Stored dataset items —
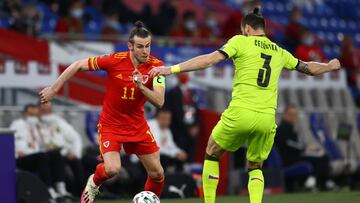 CARDIFF, WALES - MARCH 30: Gareth Bale of Wales on the ball whilst under pressure from Ondrej Celustka of Czech Republic during the FIFA World Cup 2022 Qatar qualifying match between Wales and Czech Republic on March 30, 2021 in Cardiff, Wales. Sporting s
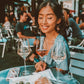 Woman sitting at a table with wine glasses and food, smiling outdoors.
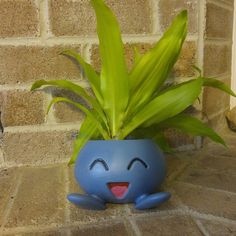 a potted plant with a smiley face on the ground next to a brick wall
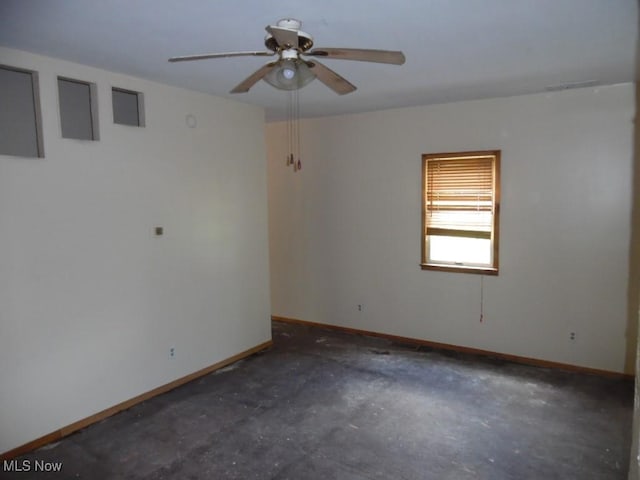 unfurnished room with a ceiling fan, baseboards, and concrete floors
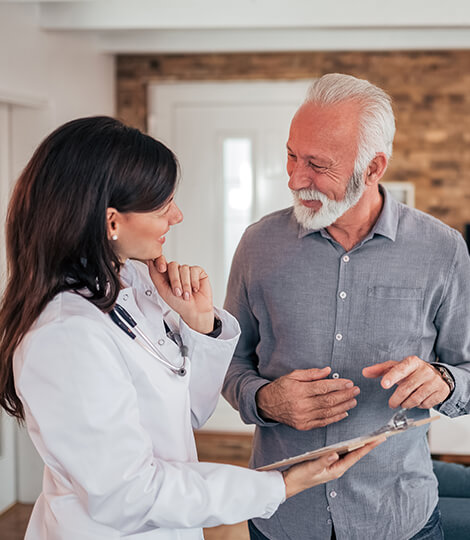 Healthcare professional interacting with a senior man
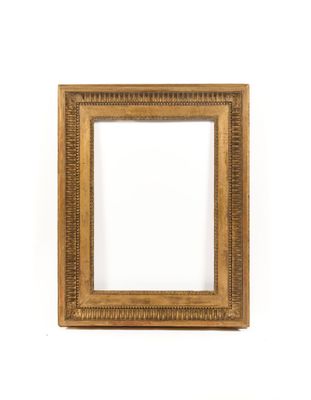 an antique gold frame with a decorative pattern on a white background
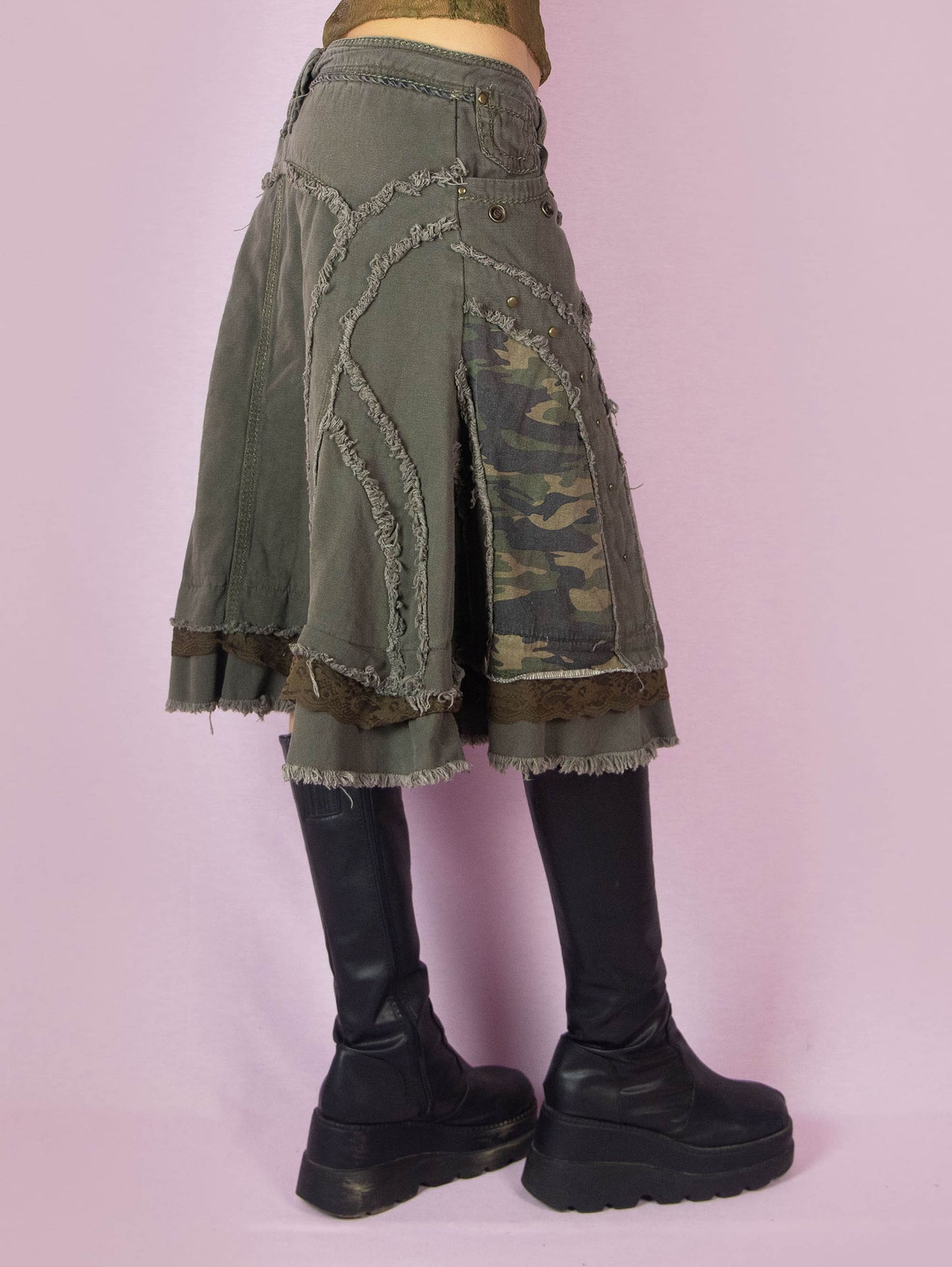 The Y2K Khaki Denim Midi Skirt is a green vintage 2000s avant-garde subversive deconstructed skirt with stud details, lace, camouflage print, ruffle hem, and frayed seams.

Task directions —
A picture-free version of all the records, repeated exactly, is what to return.

Answer to the exercise —
 CARDIFF, WALES - MARCH 30: Gareth Bale of Wales on the ball whilst under pressure from Ondrej Celustka of Czech Republic during the FIFA World Cup 2022 Qatar qualifying match between Wales and Czech Republic on March 30, 2021 in Cardiff, Wales. Sporting s
 Woman sitting at a table with wine glasses and food, smiling outdoors.
 a potted plant with a smiley face on the ground next to a brick wall
 unfurnished room with a ceiling fan, baseboards, and concrete floors
 Healthcare professional interacting with a senior man
 an antique gold frame with a decorative pattern on a white background
 The Y2K Khaki Denim Midi Skirt is a green vintage 2000s avant-garde subversive deconstructed skirt with stud details, lace, camouflage print, ruffle hem, and frayed seams.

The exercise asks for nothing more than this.